Piscine (Pi) Patel is an oddly named Indian child who embraces all forms of religion, much to the amusement of his parents. The family own a zoo but due to financial pressures decide to sell up and move to Canada, bringing their animals along with them on board a ship. A terrible storm leaves Pi as the only survivor of a shipwreck, minus a small handful of wild animals who manage to stowaway on the life boat. The animals are very much wild and in no way anthropomorphised creating a bizarrely powerful dyanmic as Pi is utterly stranded, attempting to survive against both the elements and the untamed beasts he finds in his company.
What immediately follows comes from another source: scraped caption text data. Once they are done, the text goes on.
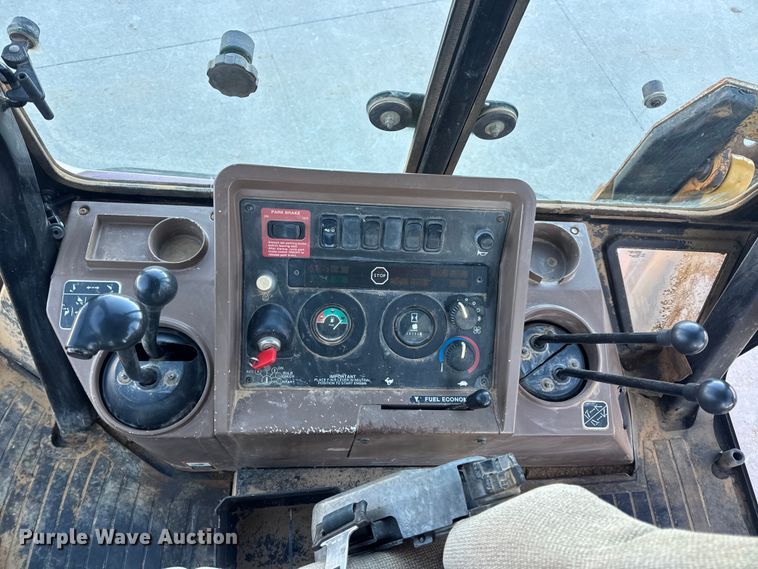 image for item EN0884 1999 John Deere 310SE backhoe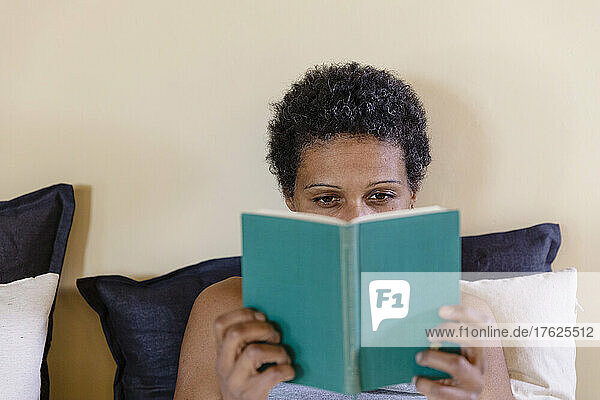 Woman with black short hair reading book on bed at home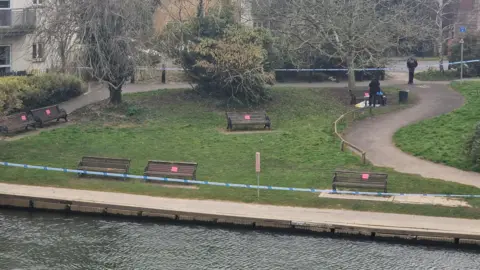 Liz Saul/BBC An grassy area next to the River Thames at Chertsey cordoned off with police tape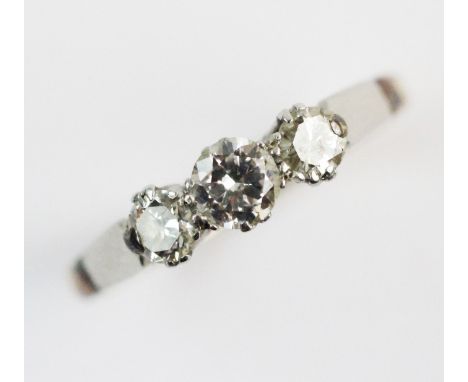 A three stone diamond ring, the central round brilliant cut diamond measuring approx. 0.20ct, with a further brilliant cut di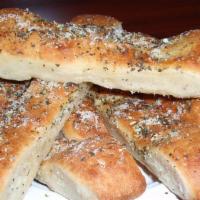 Paradise Sticks · Fresh bread sticks brushed with olive oil, garlic and a hint of Parmesan cheese. Served with...
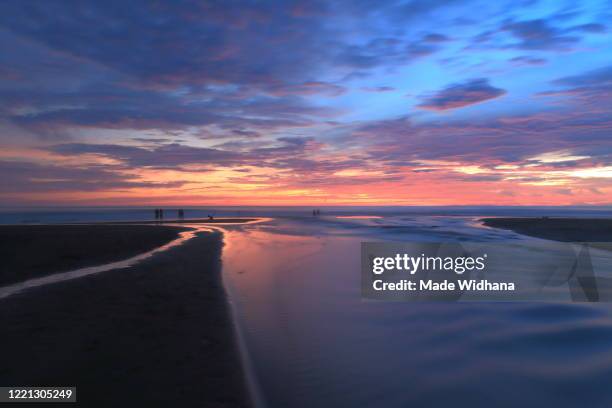 cloud sky and sunset at the beach - made widhana stock pictures, royalty-free photos & images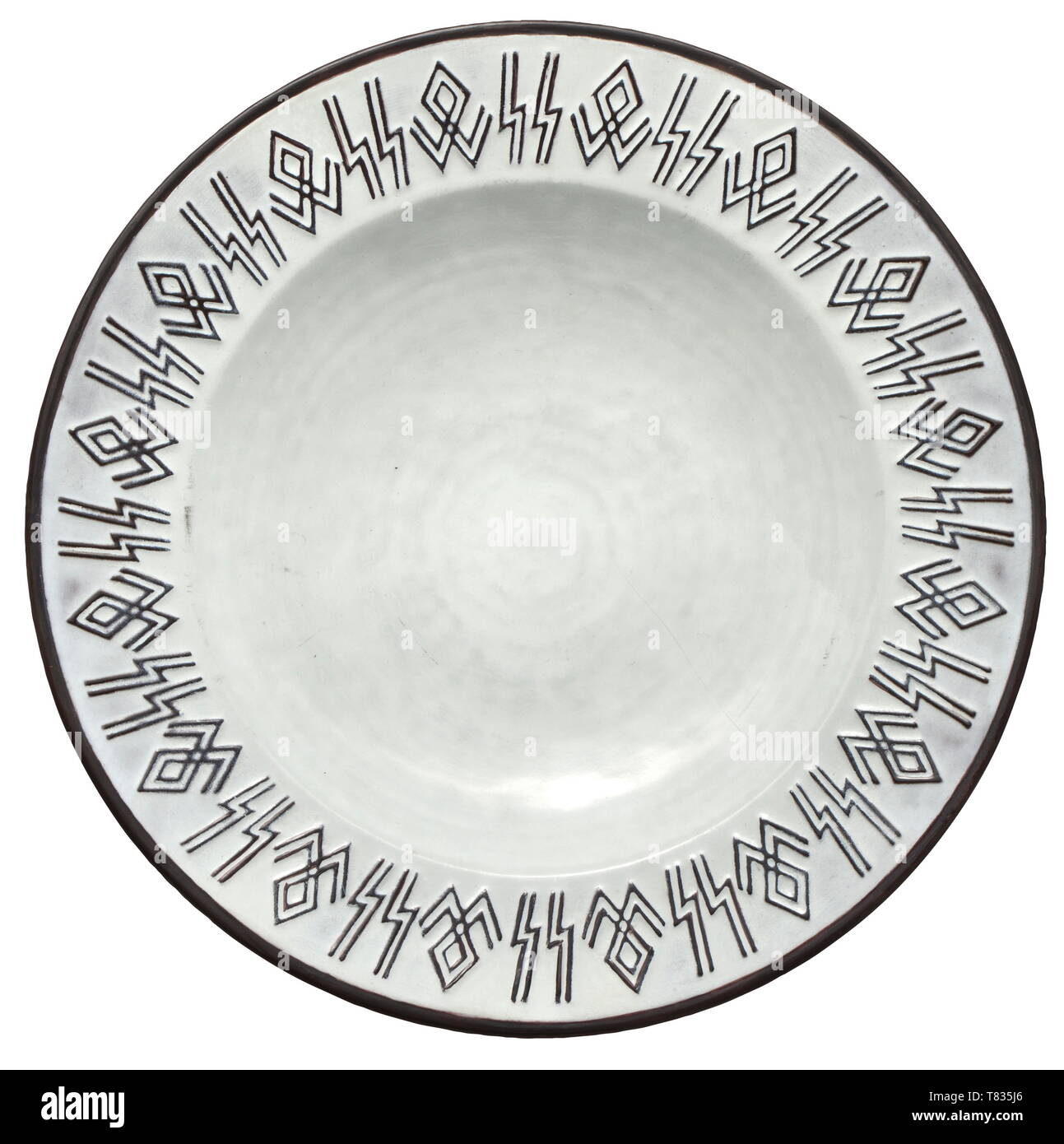 A Christmas wall plate Grey glazed stoneware with a frieze of runes around the border (brown glazed). The bottom with blue underglaze manufacturer's mark and brown inscription in relief 'Der Chef des SS-Hauptamtes 24. 12. 41'. Slightly scratched. Diameter circa 30.5 cm. Very rare. historic, historical, 20th century, 1930s, 1940s, Waffen-SS, armed division of the SS, armed service, armed services, NS, National Socialism, Nazism, Third Reich, German Reich, Germany, military, militaria, utensil, piece of equipment, utensils, object, objects, stills, clipping, clippings, cut ou, Editorial-Use-Only Stock Photo
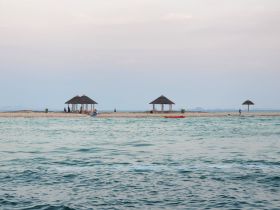 A picturesque view of a beach with huts and people enjoying kayaking, capturing the essence of a relaxing day by the water.
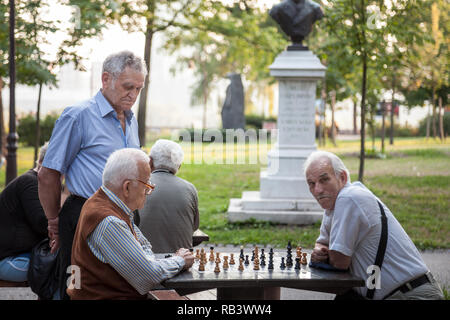 BELGRADE, SERBIA - JULY 11, 2018: Old senior men playing chess in a park of Kalemegdan fortress, in Belgrade, Serbia. Kalemegdan is one of the main la Stock Photo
Pi is mainly played by the remarkable Suraj Sharma, a young man brand new to acting, showing immense charisma and range who amazingly couldn’t even swim before taking the role. The film’s dreamlike qualities are exquisite and mesmerisimg. It’s full of gorgeous cinematography while the protagonist’s struggle with mind, body and soul matches the film’s aesthetic perfectly creating an absorbing cinematic experience. The CGI animals look so real they might as well be the actual things, which only adds more credit to the performance of Sharma who must have been acting against nothing for the film’s majority.
Life of Pi is constructed delicately, managing to resonate without overplaying itself. It’s a dreamy, spiritual and completely human adventure which Lee controls with confidence and vigor.
Review by David Rank
Life of Pi is out on 20th December in the UK. Certificate PG (UK). Running time 127 mins.